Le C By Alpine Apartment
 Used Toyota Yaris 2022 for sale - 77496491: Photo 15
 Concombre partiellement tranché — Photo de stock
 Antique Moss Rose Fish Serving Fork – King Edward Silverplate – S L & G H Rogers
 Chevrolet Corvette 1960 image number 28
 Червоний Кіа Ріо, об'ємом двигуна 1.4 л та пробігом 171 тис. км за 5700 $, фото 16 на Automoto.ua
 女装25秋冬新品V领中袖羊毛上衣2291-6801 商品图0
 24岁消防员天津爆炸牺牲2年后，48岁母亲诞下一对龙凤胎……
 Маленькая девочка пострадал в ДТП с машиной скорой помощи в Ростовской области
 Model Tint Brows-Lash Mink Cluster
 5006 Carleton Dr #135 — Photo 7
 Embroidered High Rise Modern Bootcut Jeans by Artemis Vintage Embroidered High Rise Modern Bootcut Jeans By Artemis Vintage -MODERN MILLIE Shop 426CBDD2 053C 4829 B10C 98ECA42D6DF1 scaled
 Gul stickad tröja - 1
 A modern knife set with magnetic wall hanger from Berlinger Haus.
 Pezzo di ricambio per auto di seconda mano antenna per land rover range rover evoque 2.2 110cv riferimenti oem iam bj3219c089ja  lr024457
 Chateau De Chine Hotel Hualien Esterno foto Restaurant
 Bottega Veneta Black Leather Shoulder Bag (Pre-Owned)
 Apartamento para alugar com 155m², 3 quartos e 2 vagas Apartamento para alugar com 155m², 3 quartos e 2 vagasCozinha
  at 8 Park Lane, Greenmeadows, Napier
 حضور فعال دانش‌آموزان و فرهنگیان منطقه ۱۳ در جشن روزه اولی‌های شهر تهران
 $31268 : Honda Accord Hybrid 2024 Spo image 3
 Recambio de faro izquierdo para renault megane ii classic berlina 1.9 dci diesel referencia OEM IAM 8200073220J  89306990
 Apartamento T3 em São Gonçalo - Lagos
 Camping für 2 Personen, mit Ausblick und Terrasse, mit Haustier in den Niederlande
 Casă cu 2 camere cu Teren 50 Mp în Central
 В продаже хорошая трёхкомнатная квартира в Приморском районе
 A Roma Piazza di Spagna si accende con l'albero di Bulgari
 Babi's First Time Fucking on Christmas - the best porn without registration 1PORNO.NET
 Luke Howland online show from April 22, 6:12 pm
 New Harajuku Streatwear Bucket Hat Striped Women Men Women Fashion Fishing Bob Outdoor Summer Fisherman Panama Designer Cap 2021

----------------------------------------

WHAT TO PRODUCE
Restate verbatim the first line above and all lines after it through the line containing "A modern knife"; omit the rest.

EXPECTED ANSWER
Le C By Alpine Apartment
 Used Toyota Yaris 2022 for sale - 77496491: Photo 15
 Concombre partiellement tranché — Photo de stock
 Antique Moss Rose Fish Serving Fork – King Edward Silverplate – S L & G H Rogers
 Chevrolet Corvette 1960 image number 28
 Червоний Кіа Ріо, об'ємом двигуна 1.4 л та пробігом 171 тис. км за 5700 $, фото 16 на Automoto.ua
 女装25秋冬新品V领中袖羊毛上衣2291-6801 商品图0
 24岁消防员天津爆炸牺牲2年后，48岁母亲诞下一对龙凤胎……
 Маленькая девочка пострадал в ДТП с машиной скорой помощи в Ростовской области
 Model Tint Brows-Lash Mink Cluster
 5006 Carleton Dr #135 — Photo 7
 Embroidered High Rise Modern Bootcut Jeans by Artemis Vintage Embroidered High Rise Modern Bootcut Jeans By Artemis Vintage -MODERN MILLIE Shop 426CBDD2 053C 4829 B10C 98ECA42D6DF1 scaled
 Gul stickad tröja - 1
 A modern knife set with magnetic wall hanger from Berlinger Haus.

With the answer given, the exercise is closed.